LMS (Learning Management System)
What is an LMS?
An LMS — Learning Management System — is software designed to manage the creation, delivery, and tracking of educational content at scale. The term originated in corporate and institutional contexts: universities using Canvas or Blackboard, companies using Cornerstone OnDemand or Docebo for employee training.
The one-sentence definition: Software that organises learning content, tracks who has completed what, and manages the relationship between instructors, learners, and administrators.
LMS vs course platform: the distinction that matters
The terms are used interchangeably in most buying guides. They’re not the same thing.
| Dimension | LMS | Course platform |
|---|---|---|
| Primary buyer | Enterprise / institutional | Solopreneur / small business |
| Core strength | Tracking, compliance, governance | Marketing, checkout, content delivery |
| Typical features | SCORM, SSO, multi-admin roles, LRS | Sales funnels, affiliate management, community |
| Price band | £300–£5,000+/mo | £0–£400/mo |
| Examples | Cornerstone, Docebo, Canvas, Moodle | Teachable, Kajabi, Thinkific, Podia |
Course platforms borrow LMS features (drip content, progress tracking, certificates) but are built for creator-market economics — low monthly cost, Stripe checkout, affiliate programmes.
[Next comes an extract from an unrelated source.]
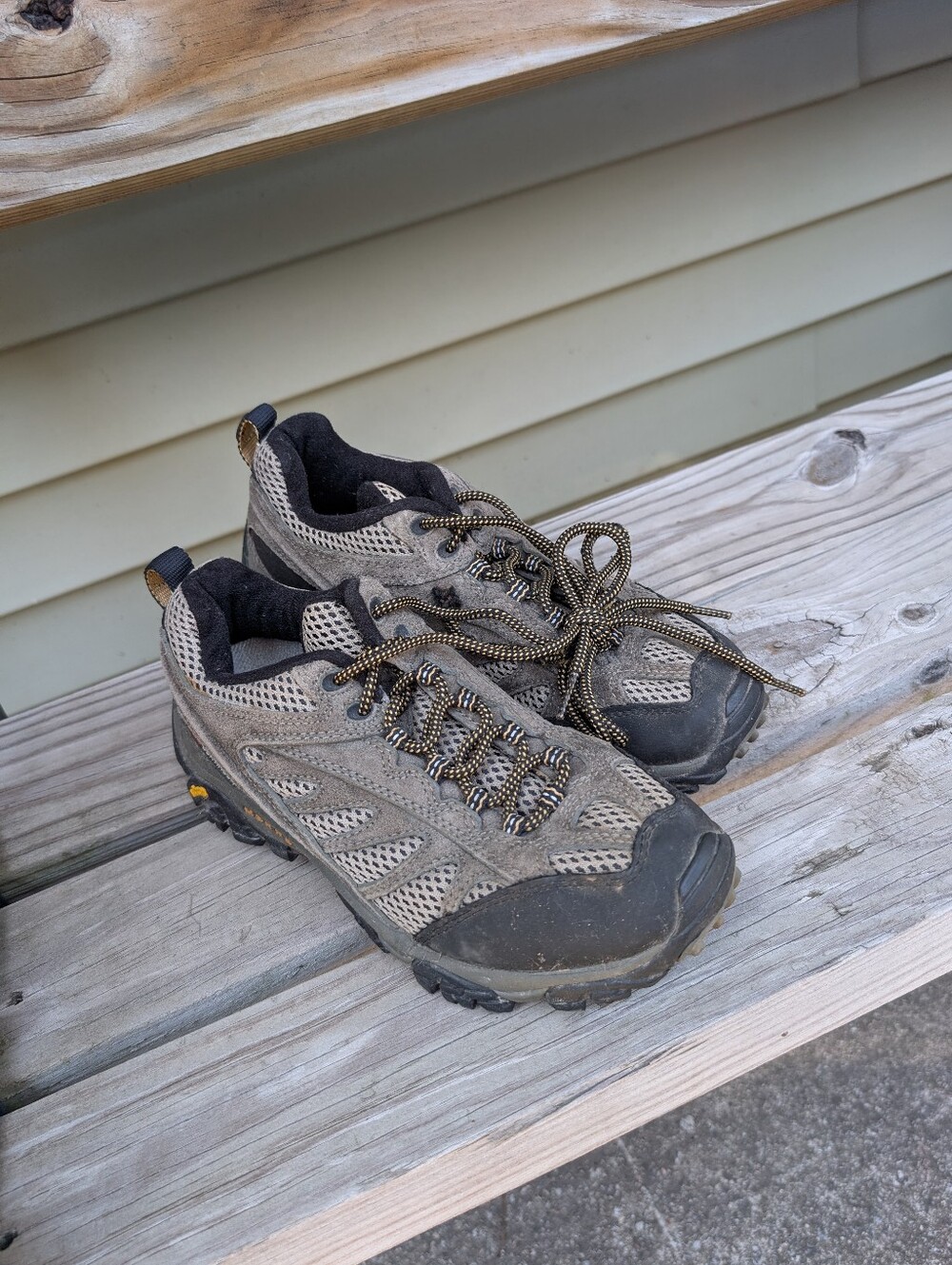 Merrell Mesa Ventilator II low-top hiking shoes women's size 7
When you need an LMS vs a course platform
You need a course platform (Teachable, Thinkific, Kajabi) if:
- You’re a creator selling courses to consumers or small businesses
- Your primary metric is revenue per student, not compliance completion rate
- You want integrated checkout, email marketing, and community
You need an LMS (or an LMS-adjacent platform) if:
- You’re running corporate training for 20–500 employees
- You need SCORM/xAPI content compatibility
- You need SSO/SAML for employee authentication
- You have audit trail and compliance requirements
The hybrid zone: Platforms like LearnWorlds and Thinkific Plus sit between the two categories. They have SCORM support and some SSO capability, but they’re built on the course-platform economic model. For small B2B training needs (20–100 users), they work. For large enterprise (500+ users), proper LMS is the right tool.
Why this distinction matters for platform choice
Most buyers searching “best online course platform” are looking for a course platform, not an LMS. The top-10 SERP for that query includes LMS vendors (Docebo, TalentLMS, Moodle) alongside course platforms, which creates confusion. The question to ask is: am I selling courses to external learners, or managing training for internal employees?
External-learner → course platform. Internal employee training → LMS. Both → you need to decide which use case gets the primary tool and which gets integrated.
Common misconceptions
- “LMS is the enterprise version of Kajabi” — Not quite. They solve different problems. Kajabi has no SCORM support and no SSO. It’s a marketing-first course delivery platform.
- “Thinkific is an LMS” — Thinkific is a course platform with some LMS features (progress tracking, drip content) but no SCORM on lower tiers.
- “I need an LMS to track student progress” — You need a course platform. Progress tracking is standard on all paid course platforms, without the complexity overhead of a real LMS.